Deuxièmement, il nous faut une meilleure coordination économique des projets déployés dans le cadre de la Nouvelle Route de la Soie. La Chine est parvenue à mettre en place des instruments majeurs pour soutenir financièrement l’initiative « Une Ceinture, une Route ». En plus de l’AIIB, qui dispose d’un capital considérable de 100 milliards de dollars, je pense au nombreux fonds d’investissements chinois récemment lancés et à la mobilisation active d’institutions financières existantes telles que Eximbank ou ICBC. De son côté, l’Europe dispose de leviers importants de financement, à commencer par la Banque Européenne d’Investissement (BEI) et le plan Junker de plus de 700 milliards de dollars, principalement fléché vers le développement des infrastructures énergétiques et numériques.

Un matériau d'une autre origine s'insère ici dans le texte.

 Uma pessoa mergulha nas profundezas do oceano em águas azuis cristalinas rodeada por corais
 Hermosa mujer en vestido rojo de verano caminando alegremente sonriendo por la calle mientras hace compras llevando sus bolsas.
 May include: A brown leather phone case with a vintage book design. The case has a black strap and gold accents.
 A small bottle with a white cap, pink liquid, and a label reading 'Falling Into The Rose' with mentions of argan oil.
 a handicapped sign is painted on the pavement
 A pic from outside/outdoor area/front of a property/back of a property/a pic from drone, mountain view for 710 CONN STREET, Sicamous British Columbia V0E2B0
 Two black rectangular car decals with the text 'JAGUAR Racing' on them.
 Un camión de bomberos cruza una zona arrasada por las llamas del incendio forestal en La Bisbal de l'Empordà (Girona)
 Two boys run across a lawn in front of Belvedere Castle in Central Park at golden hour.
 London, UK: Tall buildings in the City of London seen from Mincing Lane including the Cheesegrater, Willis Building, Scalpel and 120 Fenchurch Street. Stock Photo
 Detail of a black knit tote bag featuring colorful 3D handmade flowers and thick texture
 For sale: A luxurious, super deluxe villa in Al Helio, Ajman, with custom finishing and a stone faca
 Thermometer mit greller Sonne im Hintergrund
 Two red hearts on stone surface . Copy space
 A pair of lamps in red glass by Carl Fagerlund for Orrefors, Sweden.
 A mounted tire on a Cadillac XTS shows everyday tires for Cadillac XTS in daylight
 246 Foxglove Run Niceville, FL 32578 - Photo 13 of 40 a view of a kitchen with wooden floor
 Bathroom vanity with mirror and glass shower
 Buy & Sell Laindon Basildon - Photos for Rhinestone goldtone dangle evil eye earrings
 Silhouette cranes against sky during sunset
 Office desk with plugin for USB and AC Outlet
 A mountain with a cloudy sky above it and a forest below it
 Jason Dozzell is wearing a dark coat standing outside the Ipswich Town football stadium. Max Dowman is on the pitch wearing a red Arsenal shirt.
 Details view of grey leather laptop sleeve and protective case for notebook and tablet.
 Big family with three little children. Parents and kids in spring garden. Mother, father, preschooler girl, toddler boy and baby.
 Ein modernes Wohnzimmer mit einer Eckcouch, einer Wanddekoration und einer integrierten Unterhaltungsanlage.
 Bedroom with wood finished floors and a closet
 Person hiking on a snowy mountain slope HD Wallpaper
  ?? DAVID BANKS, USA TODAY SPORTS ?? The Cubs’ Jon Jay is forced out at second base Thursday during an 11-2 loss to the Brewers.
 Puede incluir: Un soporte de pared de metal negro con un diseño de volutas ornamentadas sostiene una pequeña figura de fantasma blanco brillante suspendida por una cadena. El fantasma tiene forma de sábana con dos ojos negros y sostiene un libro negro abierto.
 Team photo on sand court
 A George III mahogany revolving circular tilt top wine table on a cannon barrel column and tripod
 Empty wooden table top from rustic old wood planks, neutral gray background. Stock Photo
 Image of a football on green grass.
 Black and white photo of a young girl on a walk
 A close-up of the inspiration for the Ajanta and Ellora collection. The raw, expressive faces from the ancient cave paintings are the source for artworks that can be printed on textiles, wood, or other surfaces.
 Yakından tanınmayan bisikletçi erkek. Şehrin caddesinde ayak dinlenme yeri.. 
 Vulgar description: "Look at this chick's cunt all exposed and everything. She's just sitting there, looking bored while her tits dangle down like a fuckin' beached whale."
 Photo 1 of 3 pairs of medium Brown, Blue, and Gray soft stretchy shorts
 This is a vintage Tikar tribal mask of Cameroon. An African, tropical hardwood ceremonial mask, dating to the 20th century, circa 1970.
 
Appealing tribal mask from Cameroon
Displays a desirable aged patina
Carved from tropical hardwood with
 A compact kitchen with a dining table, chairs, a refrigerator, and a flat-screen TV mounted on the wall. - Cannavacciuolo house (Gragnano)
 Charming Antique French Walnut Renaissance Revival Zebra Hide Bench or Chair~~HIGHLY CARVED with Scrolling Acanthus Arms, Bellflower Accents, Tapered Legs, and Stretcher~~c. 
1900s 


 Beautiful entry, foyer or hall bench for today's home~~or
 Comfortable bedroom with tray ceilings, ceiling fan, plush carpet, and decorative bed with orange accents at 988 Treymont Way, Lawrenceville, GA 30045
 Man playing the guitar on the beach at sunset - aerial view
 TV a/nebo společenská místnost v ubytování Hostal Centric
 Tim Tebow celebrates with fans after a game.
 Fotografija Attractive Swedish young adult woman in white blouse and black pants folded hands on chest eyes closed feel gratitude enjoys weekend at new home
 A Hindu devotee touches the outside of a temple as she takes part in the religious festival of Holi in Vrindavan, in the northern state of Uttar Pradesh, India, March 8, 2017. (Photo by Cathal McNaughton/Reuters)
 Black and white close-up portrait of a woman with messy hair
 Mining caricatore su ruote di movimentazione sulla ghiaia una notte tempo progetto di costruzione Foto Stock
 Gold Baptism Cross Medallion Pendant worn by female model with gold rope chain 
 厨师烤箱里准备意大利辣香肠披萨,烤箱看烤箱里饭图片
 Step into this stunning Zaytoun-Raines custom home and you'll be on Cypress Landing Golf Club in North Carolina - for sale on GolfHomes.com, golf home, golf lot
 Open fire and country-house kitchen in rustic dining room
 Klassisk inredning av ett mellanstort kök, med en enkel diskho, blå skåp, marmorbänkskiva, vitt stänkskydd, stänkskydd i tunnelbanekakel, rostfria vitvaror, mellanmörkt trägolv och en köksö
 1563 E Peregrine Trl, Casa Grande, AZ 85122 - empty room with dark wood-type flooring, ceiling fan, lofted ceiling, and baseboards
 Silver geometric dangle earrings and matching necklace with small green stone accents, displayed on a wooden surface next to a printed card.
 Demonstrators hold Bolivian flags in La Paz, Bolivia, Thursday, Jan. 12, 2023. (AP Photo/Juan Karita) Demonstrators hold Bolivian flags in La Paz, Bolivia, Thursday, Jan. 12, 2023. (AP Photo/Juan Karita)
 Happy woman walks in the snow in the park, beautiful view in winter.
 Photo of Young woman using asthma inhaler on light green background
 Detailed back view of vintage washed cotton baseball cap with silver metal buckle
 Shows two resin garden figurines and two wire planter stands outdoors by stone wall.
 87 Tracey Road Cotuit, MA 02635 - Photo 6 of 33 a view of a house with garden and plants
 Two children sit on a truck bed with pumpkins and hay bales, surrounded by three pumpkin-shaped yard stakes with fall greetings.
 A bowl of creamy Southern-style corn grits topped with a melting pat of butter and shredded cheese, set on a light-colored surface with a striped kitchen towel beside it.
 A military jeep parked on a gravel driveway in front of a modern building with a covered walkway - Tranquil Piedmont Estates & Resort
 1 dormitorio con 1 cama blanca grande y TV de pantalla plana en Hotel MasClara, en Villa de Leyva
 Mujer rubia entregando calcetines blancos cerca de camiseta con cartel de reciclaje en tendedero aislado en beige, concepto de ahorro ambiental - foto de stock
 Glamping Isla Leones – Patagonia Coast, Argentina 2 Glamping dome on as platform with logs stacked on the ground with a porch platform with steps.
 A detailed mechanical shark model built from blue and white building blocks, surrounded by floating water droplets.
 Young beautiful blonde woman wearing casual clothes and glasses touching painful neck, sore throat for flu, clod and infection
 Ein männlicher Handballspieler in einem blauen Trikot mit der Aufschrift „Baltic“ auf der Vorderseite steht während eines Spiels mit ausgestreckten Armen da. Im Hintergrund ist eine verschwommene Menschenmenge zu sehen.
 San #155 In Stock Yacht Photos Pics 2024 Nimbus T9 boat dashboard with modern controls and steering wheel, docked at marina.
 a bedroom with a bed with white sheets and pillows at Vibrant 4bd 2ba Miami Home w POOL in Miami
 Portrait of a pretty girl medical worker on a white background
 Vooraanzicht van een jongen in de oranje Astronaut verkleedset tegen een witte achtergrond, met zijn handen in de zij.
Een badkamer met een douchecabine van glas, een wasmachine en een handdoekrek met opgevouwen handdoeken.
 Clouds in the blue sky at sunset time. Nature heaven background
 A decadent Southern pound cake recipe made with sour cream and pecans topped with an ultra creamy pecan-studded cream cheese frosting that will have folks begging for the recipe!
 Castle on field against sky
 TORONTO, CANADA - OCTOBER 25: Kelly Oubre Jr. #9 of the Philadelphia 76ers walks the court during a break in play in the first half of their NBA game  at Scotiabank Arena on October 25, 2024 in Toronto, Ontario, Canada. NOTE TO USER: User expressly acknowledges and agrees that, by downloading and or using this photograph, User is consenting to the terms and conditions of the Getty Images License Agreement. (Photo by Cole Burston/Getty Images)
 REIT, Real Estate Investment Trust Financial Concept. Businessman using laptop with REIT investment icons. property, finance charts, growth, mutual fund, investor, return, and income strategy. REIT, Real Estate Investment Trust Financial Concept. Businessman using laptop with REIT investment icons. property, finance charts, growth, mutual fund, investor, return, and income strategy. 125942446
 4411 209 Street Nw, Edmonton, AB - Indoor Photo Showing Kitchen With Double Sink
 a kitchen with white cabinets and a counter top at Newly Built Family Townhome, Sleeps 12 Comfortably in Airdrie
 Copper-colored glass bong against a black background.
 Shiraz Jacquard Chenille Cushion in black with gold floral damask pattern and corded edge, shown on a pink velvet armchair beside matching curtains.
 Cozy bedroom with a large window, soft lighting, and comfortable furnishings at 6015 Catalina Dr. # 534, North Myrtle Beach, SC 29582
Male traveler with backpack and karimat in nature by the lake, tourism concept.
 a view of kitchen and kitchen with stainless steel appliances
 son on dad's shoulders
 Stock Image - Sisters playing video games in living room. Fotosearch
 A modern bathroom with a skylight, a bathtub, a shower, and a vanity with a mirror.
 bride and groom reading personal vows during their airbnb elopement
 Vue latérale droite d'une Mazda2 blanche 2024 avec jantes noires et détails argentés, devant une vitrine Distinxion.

La convergence de vues entre la Chine et l’Europe en faveur d’une croissance plus durable et plus dynamique devraient encourager les synergies économiques et financières, au travers de co-investissements institutionnels et de partenariats sectoriels structurés.

Troisièmement, il est devenu nécessaire d’améliorer la crédibilité, la légitimité et l’efficacité de la Nouvelle Route de la Soie en créant de nouveaux mécanismes de coopération politiques régionale et mondiale. Nous pourrions par exemple mettre en place un Secrétariat permanent de la Nouvelle Route de la Soie chargé de maintenir des contacts de haut niveau entre Pékin et Bruxelles. L’objectif d’une telle structure, co-présidée par la Chine et par l’Union européenne, permettrait de traiter à la racine les grandes questions financières ou commerciales et de répondre aux principales préoccupations de chacune des parties. Dans le cadre de réunions régulières, ce secrétariat permettrait, d’une part, de définir un agenda commun pour les vingt prochaines années et, d’autre part, d’articuler cet agenda sino-européen aux grandes questions mondiales. La France, l’un des premiers pays à avoir reconnu la République populaire de Chine, en 1964, et liée par une histoire commune avec la Chine, pourrait donner l’impulsion, au côté de l’Allemagne, à un tel mécanisme.

Au cours des derniers mois, la Chine et l’Europe n’ont cessés de s’engager en faveur du multilatéralisme positionnant la Nouvelle Route de la Soie comme une alternative naturelle à l’isolationnisme et au protectionnisme.  A chacune des grandes questions du siècle, elle doit être en mesure d’apporter une réponse convaincante. Face aux radicalismes, elle est une promesse d’inclusion et de développement. Face au ralentissement économique, elle offre des perspectives de croissance grâce à l’ouverture de nouveaux débouchés. Mais nous devons aller plus loin : face aux enjeux environnementaux, numériques et diplomatiques : la Nouvelle Route de la Soie doit devenir un lieu de proposition et de concertation au travers d’initiatives ciblées comme la « Nouvelle Route de la Soie digitale », œuvrant à une régulation multilatérale d’internet, ou une « Nouvelle Route de la Soie écologique », poursuivant les efforts de la Conférence de Paris, signée en 2015, et favorisant les investissements durable, par exemple au travers d’obligations vertes.

Les prochains mois seront propices à l’approfondissement des discussions sino-européennes sur la Nouvelle Route de la Soie. A la veille des élections européennes, qui se tiendront en mai 2019, nous avons tout intérêt à initier une nouvelle relation en faisant de la Nouvelle Route de la Soie le lieu d’une coopération plus étroite et plus efficace. Sachons saisir cette chance pour l’avenir de la paix et l’invention d’une mondialisation plus stable.